MC Hammer literally can’t touch this. This Sunday, the hip hop legend will appear in a Super Bowl ad spot for Cheetos that plays on the snack food’s famous messiness.
The commercial features a man with cheese-dusted fingers avoiding chores like moving a couch or doing paperwork to the tune of Hammer’s hit single “U Can’t Touch This.”
Hammer himself pops up throughout the 30-second spot to sing his famous hook, including once as a mustachioed, sunglasses-wearing baby that the protagonist refuses to hold.
Given that this is the first Super Bowl spot for Cheetos in 11 years, the Frito-Lay-owned brand appears to have taken the go-big-or-go-home approach to Super Bowl marketing. No mere hired gun, Hammer waxed poetic to Cheddar about the beautiful bond between music and Cheetos.
“I think Cheetos and music go hand in hand because all of us as kids ate Cheetos,” he said. “You take the memory of food, the memory of music, combine them together, and you got something great.”
He also commented on the enduring appeal of “U Can’t Touch This”, which marked its 30th anniversary this year.
“It lives on because it still stimulates. Kids see it for the first time right now, and they start dancing. It’s a special gift that’s built inside the song,” he said.

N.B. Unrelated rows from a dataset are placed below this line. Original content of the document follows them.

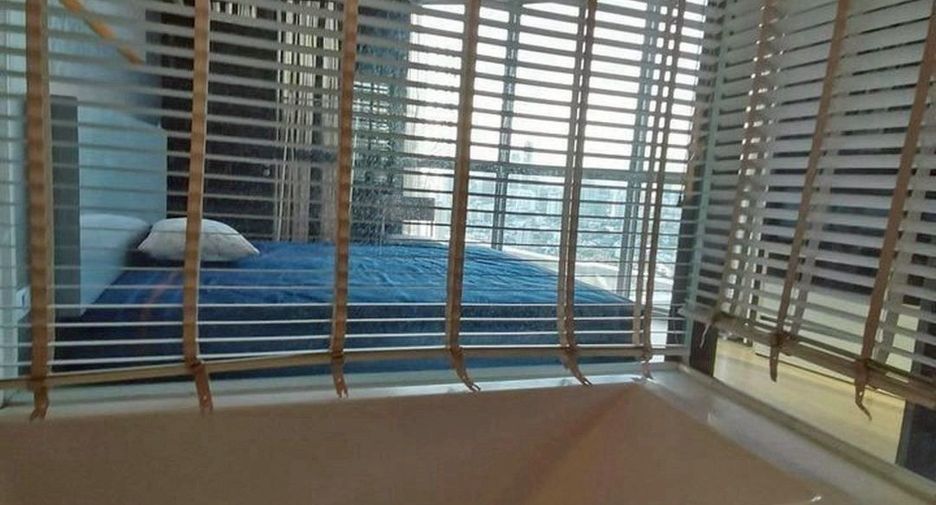For rent そして for sale 1 Beds condo in Khlong Toei, Bangkok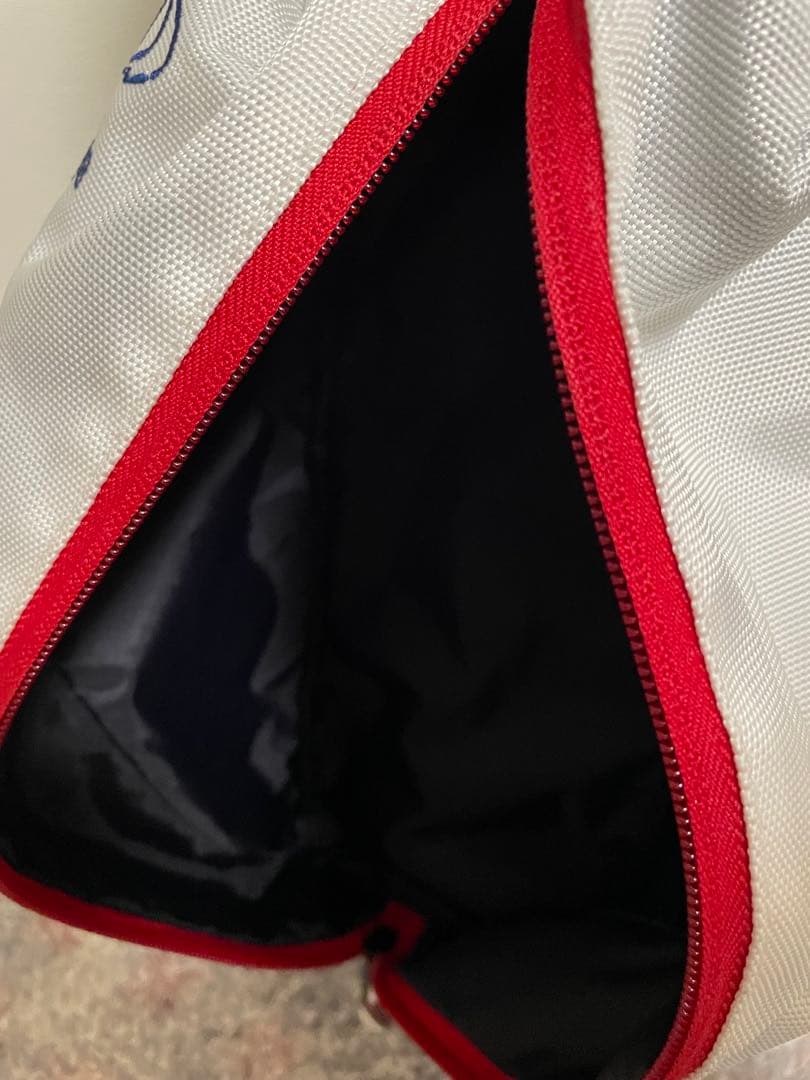 【美品】BEAMS GOLFビームスゴルフ　スタンドキャディバッグキャディバック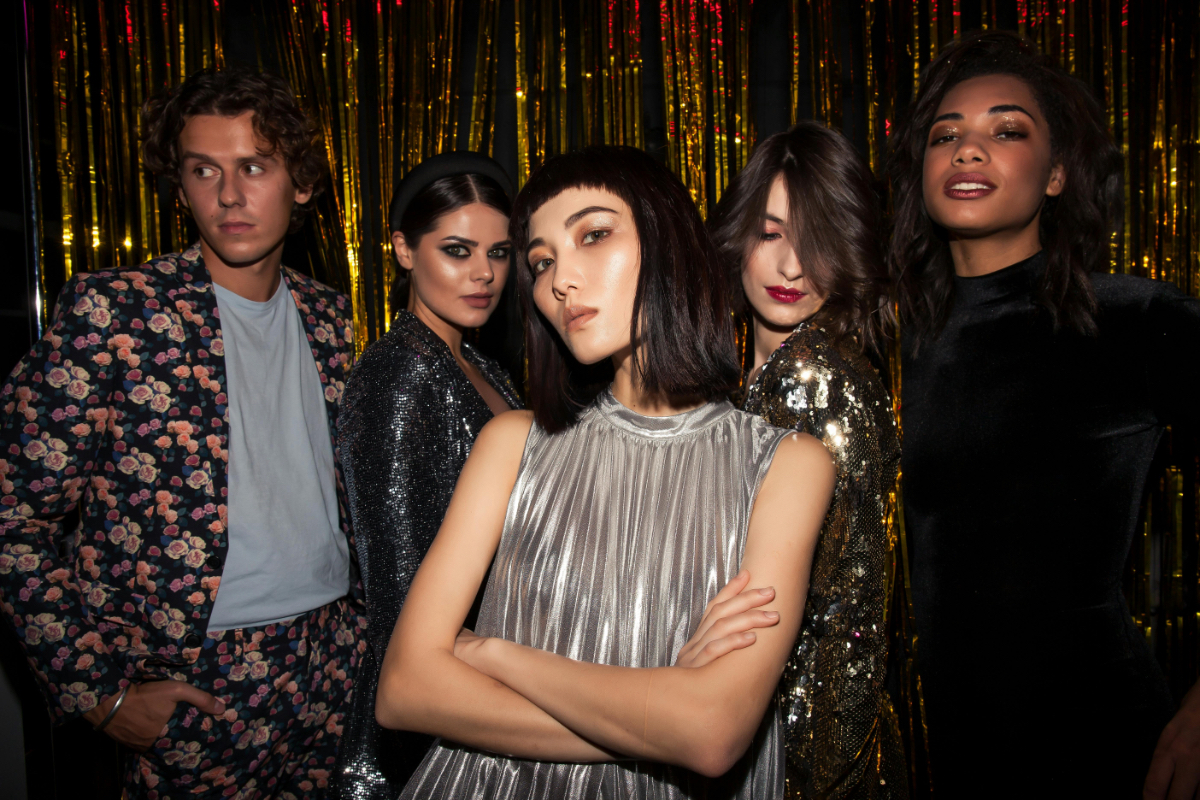 Where Trendsetters Find Their Thrills in Real Time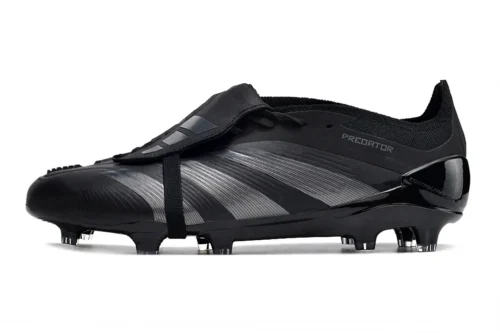 Zapatilla Adidas Predator Elite Tongue 24 Campo FG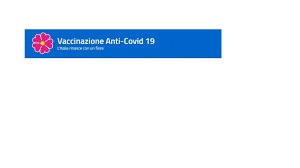 Jun 04, 2021 · il richiamo del vaccino covid in vacanza? Vaccinazione Anti Covid 19 Comune Di San Giovanni Suergiu
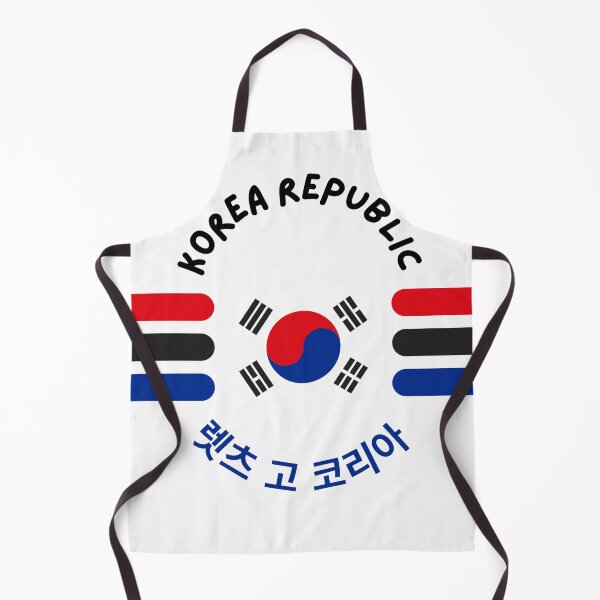 Item preview, FWC fan shirt south korea designed and sold by BeatGrafics.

When asked if the music industry would continue to produce lasting hits like his own, Hammer expressed confidence that it would. How they produce them is the question, he said.
“We don’t know the platform. We don’t know if it’s a new AI algorithm that drives engagement and the sharing of music. We don’t know if it’s all going to be by suggestion,” Hammer said.
The most likely scenario, according to the rapper, is that artificial intelligence will produce the hit singles of the future.
“If machines can learn from machines, they could easily learn how to compose,” Hammer said. “They’re already doing it, but it’s going to get better and better. In the near future, you’ll have songs that are completely produced by AI.”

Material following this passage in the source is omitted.